#### Dataset entries
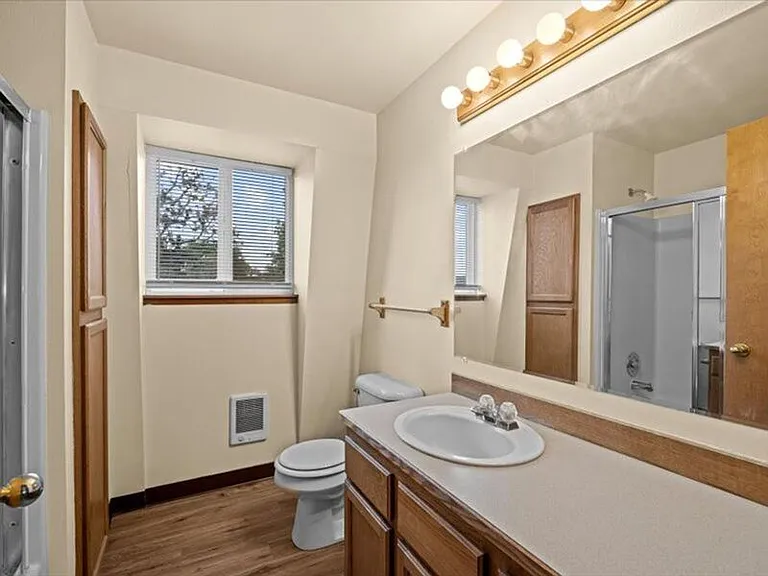 400 S Morain St #7 — Photo 10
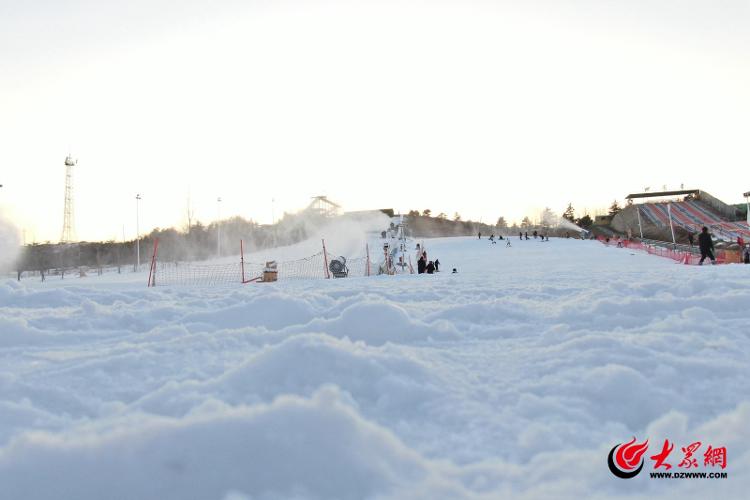 河山滑雪场图片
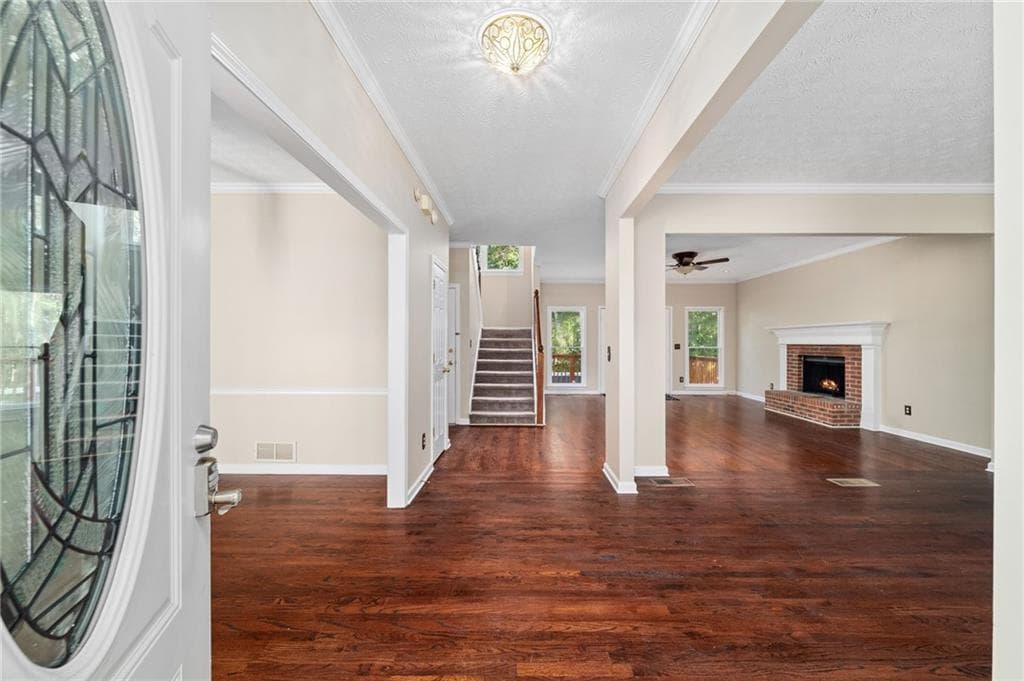 5 bedroom, 4 bathroom, 3,202 sq ft single family residence under contract at 3256 Fieldcrest Road, Loganville, GA 30052 — photo 5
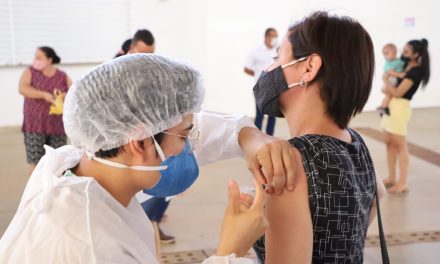Prefeitura de Goiânia disponibiliza seis pontos de vacinação contra Covid-19, neste sábado, 19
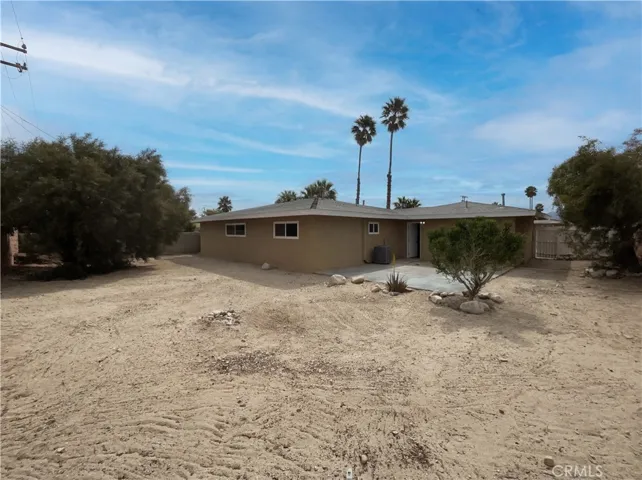 386 W Sunview, Palm Springs, California 92262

#### What the task asks
Because only the text is wanted, copy each record above precisely and omit its pictures.

#### Task answer
 400 S Morain St #7 — Photo 10
 河山滑雪场图片
 5 bedroom, 4 bathroom, 3,202 sq ft single family residence under contract at 3256 Fieldcrest Road, Loganville, GA 30052 — photo 5
Prefeitura de Goiânia disponibiliza seis pontos de vacinação contra Covid-19, neste sábado, 19
 386 W Sunview, Palm Springs, California 92262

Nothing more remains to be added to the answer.